We included visit-associated imaging and testing in the costs of outpatient visits. Standard unit visit costs were calculated separately by type of clinician (physician vs physician assistant and/or nurse practitioner) and by specialty, based on a special study of outpatient costs conducted in 1993. We obtained the total visit costs by multiplying the number of visits per department per clinician type by the appropriate unit cost.
We captured 4 inpatient use parameters to calculate inpatient costs: (1) number of days in a critical care unit, (2) number of days in routine care, (3) number of minutes in an operating room, and (4) number of minutes in a recovery room. All clinician inpatient costs and hospital indirect costs (including personnel, utilities, depreciation, and fixtures) were first allocated to the relevant cost center. Total annual expenditures per cost center were then divided by the total volume of output to estimate the average cost per unit of use. These time-based cost coefficients were then multiplied by the number of units of services consumed, totaled, and combined with inpatient imaging costs to obtain an estimate of the total inpatient cost of caring for an individual for a given admission or year.
To ascertain the costs of care in non-KPNW facilities, we analyzed the claims paid for procedures, hospitalizations, and professional and related services. For inpatient and outpatient use provided both in non-KPNW facilities and by non-KPNW clinicians, we used as costs the amounts that KPNW actually paid to vendors. Inpatient and outpatient pharmaceutical costs approximated 1995 retail costs in the local market, deflated to 1993 dollars.
To identify the most valid analytic method, we tested 3 regression techniques: a 2-part model, a transformation model, and an ordinary least squares (OLS) model.

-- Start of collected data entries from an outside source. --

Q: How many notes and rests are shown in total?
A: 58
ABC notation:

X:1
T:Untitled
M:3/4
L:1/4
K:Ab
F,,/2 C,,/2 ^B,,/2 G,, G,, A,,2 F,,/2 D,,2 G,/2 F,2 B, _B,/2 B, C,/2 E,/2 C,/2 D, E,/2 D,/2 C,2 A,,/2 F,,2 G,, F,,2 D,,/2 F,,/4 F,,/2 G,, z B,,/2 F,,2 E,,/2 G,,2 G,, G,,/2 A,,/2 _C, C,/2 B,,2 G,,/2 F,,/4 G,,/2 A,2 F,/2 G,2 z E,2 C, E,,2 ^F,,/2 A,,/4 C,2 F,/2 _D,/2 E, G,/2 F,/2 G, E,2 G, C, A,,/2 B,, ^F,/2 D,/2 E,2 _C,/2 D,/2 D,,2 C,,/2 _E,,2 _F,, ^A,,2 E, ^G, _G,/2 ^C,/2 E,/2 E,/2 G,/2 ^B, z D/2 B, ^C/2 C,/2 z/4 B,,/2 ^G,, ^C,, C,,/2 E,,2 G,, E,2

The 2-part model employed logistic regression to determine the probability of use (cost >0), followed by an OLS, or gamma regression, of total annual cost for the year 1995 for subjects with costs greater than 0. The predicted expense was then multiplied by the probability of use to obtain predicted cost, adjusted for the probability of use. The transformation model involved normalizing the distribution of total annual cost by taking the natural log (cost plus an arbitrary constant value). The logarithmic transformation adequately normalized the dependent variable so that the regression assumptions were met, but the coefficients obtained from this model were not directly translatable into dollars. In addition, after retransformation, the model did not predict as well as untransformed OLS. We concluded, as did Hornbrook and Goodman,8 that OLS was as good as, or better than, the other techniques in terms of both predictive accuracy and interpretability.

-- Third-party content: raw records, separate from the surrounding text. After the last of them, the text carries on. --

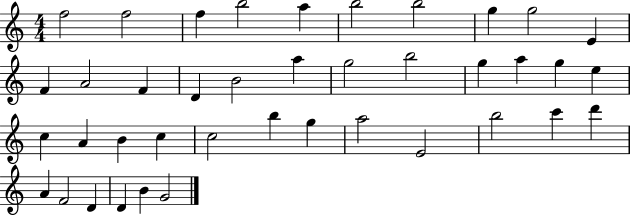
{
  \clef treble
  \numericTimeSignature
  \time 4/4
  \key c \major
  f''2 f''2 | f''4 b''2 a''4 | b''2 b''2 | g''4 g''2 e'4 | \break f'4 a'2 f'4 | d'4 b'2 a''4 | g''2 b''2 | g''4 a''4 g''4 e''4 | \break c''4 a'4 b'4 c''4 | c''2 b''4 g''4 | a''2 e'2 | b''2 c'''4 d'''4 | \break a'4 f'2 d'4 | d'4 b'4 g'2 | \bar "|."
}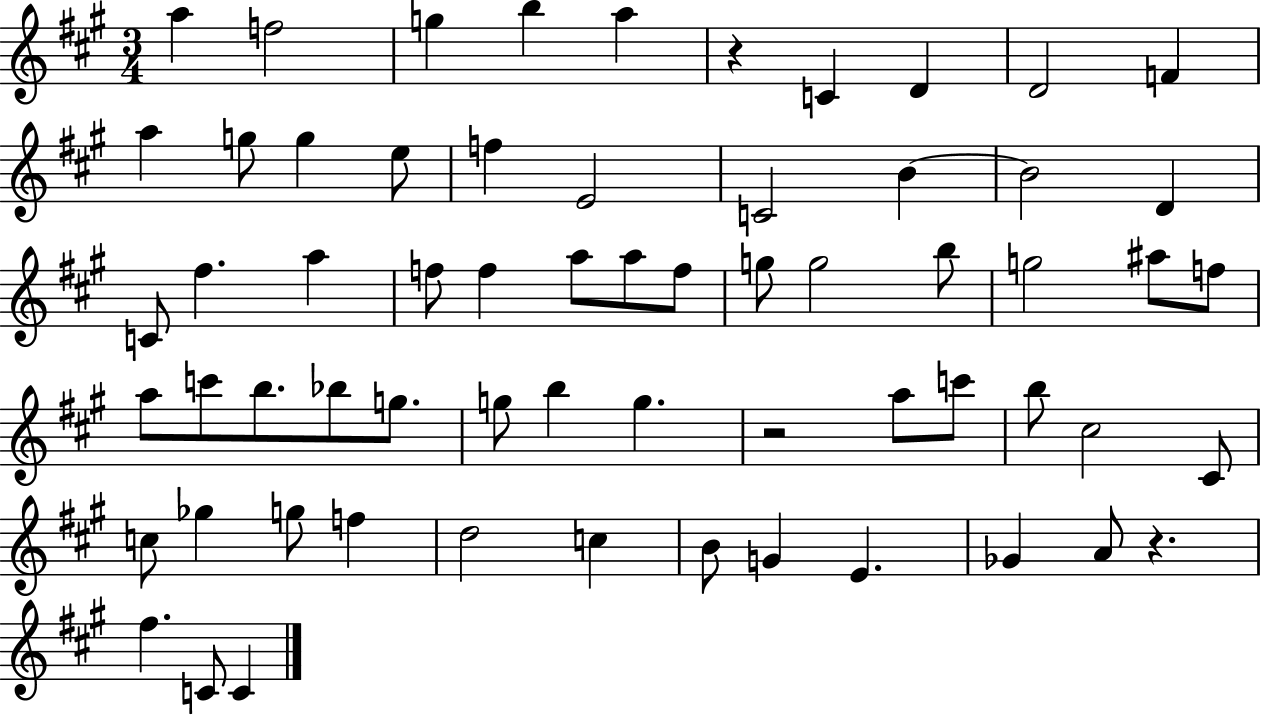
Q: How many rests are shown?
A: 3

We therefore present 2 OLS models in this report. The first model regressed total annual cost per person on cardiovascular complication level, renal complication level, age, and sex. We included subject age and sex as independent variables to estimate the incremental costs of complications in addition to the costs attributable to sex-specific aging. We also estimated a second model that added a "renal×cardiovascular" interaction term. This model accounts for the known epidemiological interaction between diabetic, renal, and cardiovascular disease9,10 and tests whether the incremental costs of cardiovascular and renal disease are more or less than additive when both complications are present.
We used the SAS Statistical Analysis System version 6.12 (SAS Institute, Cary, NC) for all statistical analyses. All the statistical tests that we report are 2-sided. The term statistically significant implies a P<.05.
We identified 11,768 registrants with type 2 diabetes mellitus who had 12 months of health plan eligibility in 1995. As shown in Table 1, 51% of the total registrants were men and 32% were aged 70 years or older.
The average annual total cost of care, in 1993 dollars, for a male HMO member of average age (64 years) with no cardiovascular or renal complications was $2033. Costs increased by $1087 with the initiation of cardiovascular drug therapy and/or use of a cardiologist (cardiovascular stage 1). After the occurrence of a major cardiovascular event (cardiovascular stage 2), the additional costs of cardiovascular disease treatment increased dramatically, to $9385 per person per year.
For renal disease treatment, costs increased $1337 with the onset of stage 1. Progression to advanced renal disease short of end stage increased the incremental costs of renal disease treatment by an additional $2642, to a cumulative $3979. Progression to the final stage of renal disease—chronic hemodialysis or a history of renal transplantation—raised treatment costs dramatically, to $15,675 over the costs of uncomplicated diabetes.
Table 2 details the prevalence of cardiovascular and renal complications by age and sex. Overall, we detected advanced or end-stage renal disease (stages 2 and 3) in 11% of subjects. Significant cardiovascular disease was much more prevalent—29% had stage 2 disease. Additionally, the data in Table 2 reveal a trend toward more advanced disease with advancing age in both men and women. For example, advanced or end-stage renal disease was rare among 30- to 49-year-old women but affected 17% of women older than 70 years. Advanced cardiovascular disease was present in only 6% of the 30- to 49-year-old women but in 46% of the women older than 70 years. We found no significant differences between men and women in the prevalence or staging of complications.
Unadjusted total treatment expenditures per person categorized by age, sex, and complication level are given in Table 3. Subjects without renal disease had higher average treatment costs than those without cardiovascular disease, presumably because the former group included a substantial complement of subjects with cardiovascular disease. Overall, treatment expenditures across cardiovascular disease stages were inconsistently associated with age and were similar by stage in men and women. Unadjusted costs of end-stage renal disease, however, decreased with age and were dramatically higher for women in all age groups.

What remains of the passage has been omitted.